Meyer began to feel as if he knew the people personally — the ones who described smells in terms of tea and fruit, or meat and gasoline, or blue Powerade and lollipops. The way they described their senses felt so intimate, he said later, “you could almost see the type of person they are.” He was becoming convinced that people believe they are bad at describing smells simply because they so often are asked to do so in labs, sniffing single, isolated molecules (when the more familiar odor of coffee is a blend of many hundreds of them), cloistered away from the context of their real lives and the smells that actually mattered to them. Given the right opportunity, he said, “people become very, very verbal.”
For Meyer, an IBM researcher who specializes in using algorithms to analyze biological data, and who was one of the people who insisted that the G.C.C.R. surveys should include open text boxes, this was exciting news. For years, scientists studying smell have been working off just a few, deeply deficient data sets that link different chemicals and the way humans perceive them. There was, for example, a record created in the late 1960s by a single perfumer, who described thousands of smells, and study after study relied on a single “Atlas of Odor Character Profiles,” published in 1985. It drew on the observations of volunteers who had been asked to smell various single molecules and chemical mixtures, rating and naming them according to a supplied list of descriptors that many scientists felt was flawed and dated.
More recently, Meyer and many others had been using a new data set, painstakingly created by scientists at the Rockefeller University in New York and published in 2016. (I visited the lab in 2014, while Leslie Vosshall and her colleagues were building their data, and was surprised to find I could “smell” one of the vials, though it probably just triggered my trigeminal system. When I told Vosshall that it seemed minty, she replied: “Really? Most people say, ‘Dirty socks.’”) But while the new data set was a significant improvement — 55 people smelled 480 different molecules, rating them by intensity, pleasantness, familiarity and how well they matched a list of 20 descriptions, including “garlic,” “spices,” “flower,” “bakery,” “musky,” “urinous” and so on — it was still a sign of how limited the field was.
This was why Meyer, along with his colleague Guillermo Cecchi, pushed for those open text boxes in the G.C.C.R. survey. They were interested in the possibilities of natural language processing, a branch of machine learning that uses algorithms to analyze the patterns of human expression; Cecchi was already using the technology to predict the early onset of Alzheimer’s, when it is most treatable, by analyzing details of the way people speak. Many researchers had written about the possibilities of using artificial intelligence to finally make a predictive olfactory map, as well as to look at links between changes in olfaction and all the diseases to which those changes are connected, but sufficient data was never available.
Now Covid had provided researchers with a big, complicated data set linking olfactory experience and the progression of a specific disease. It wasn’t constrained by numerical rankings, monomolecules or a few proffered adjectives, but instead allowed people to speak freely about real smells, in the real world, in all their complex and subjective glory.

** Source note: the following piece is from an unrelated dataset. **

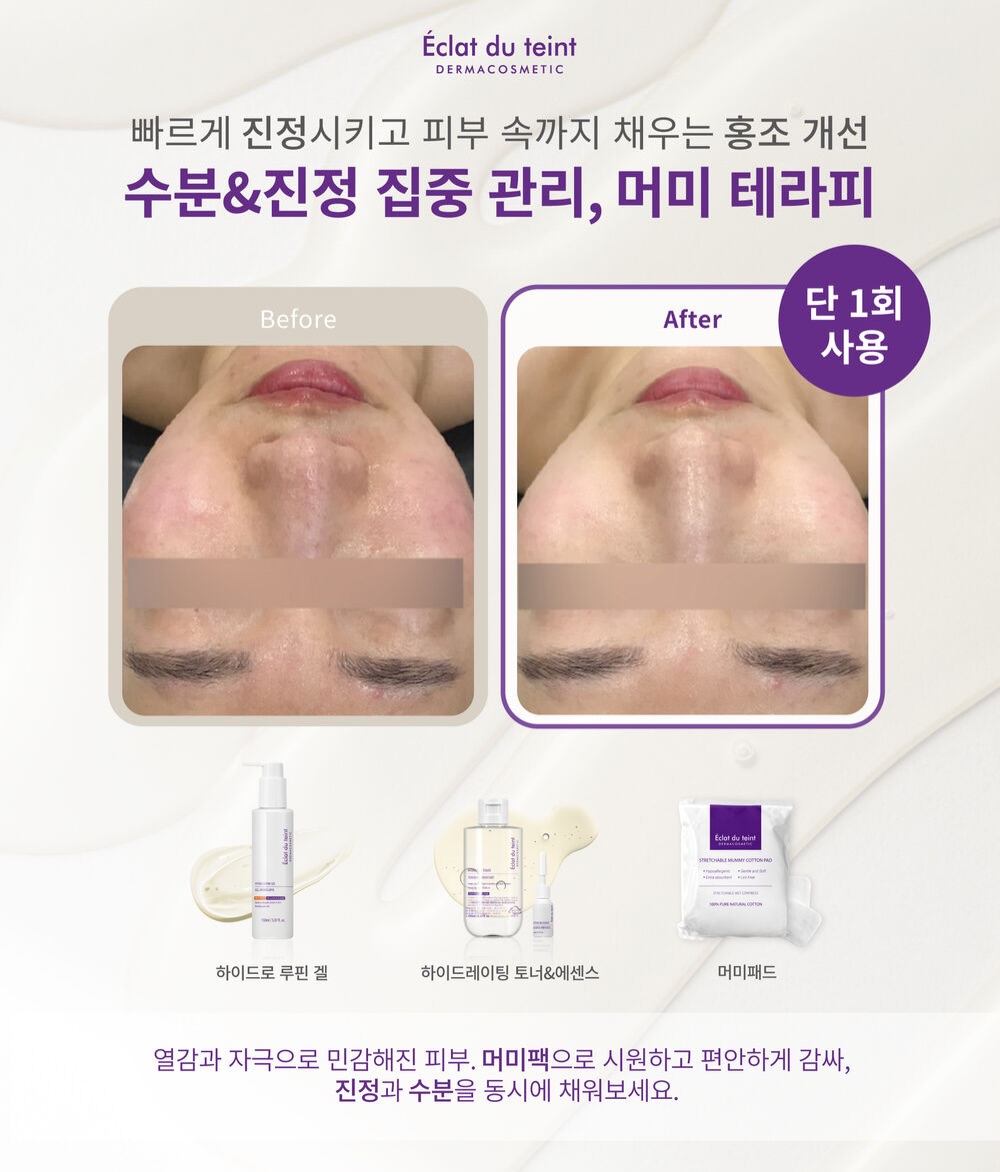 아크테릭스 반팔티 7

When Meyer and Cecchi’s colleague Raquel Norel finished analyzing the open-ended answers from English-speaking respondents, they found, with surprise and delight, that their textual analysis was just as predictive of a Covid diagnosis as people’s numerical ratings of smell losses. The algorithms worked because people with Covid used very different words to talk about smell than those without it; even those who hadn’t fully lost their olfaction still tended to describe their sensations in the same ways, repeating words like “metallic,” “decayed,” “chemical,” “acid,” “sour,” “burnt” and “urine.” It was an encouraging finding, a proof of concept that they couldn’t wait to explore in a lot more depth — first in the G.C.C.R. responses in other languages and then, in the future, in other data sets related to other diseases. Meyer got excited when he talked about it. “Anything where smell changes,” he told me. “Depression, schizophrenia, Alzheimer’s, Parkinson’s, neurodegeneration, cognitive and neuropsychiatric disease. The whole enchilada, as they say.”
I had a hard time imagining the olfactory “map” that scientists have dreamed of for so long. Would it, I asked Mainland, look something like a periodic table? He suggested I think, instead, of the maps that scientists have made of “color space,” which arrange colors to show their mathematical relationships and mixtures. “We didn’t know how useful color space was until people started inventing things like color television and Photoshop,” he explained, adding that the map itself isn’t the goal, but rather the ability to use it to understand why we smell what we do. After that, what will be really interesting are the applications we can’t yet imagine. “It’s hard to understand the utility of the map,” he said, “until you have the map.”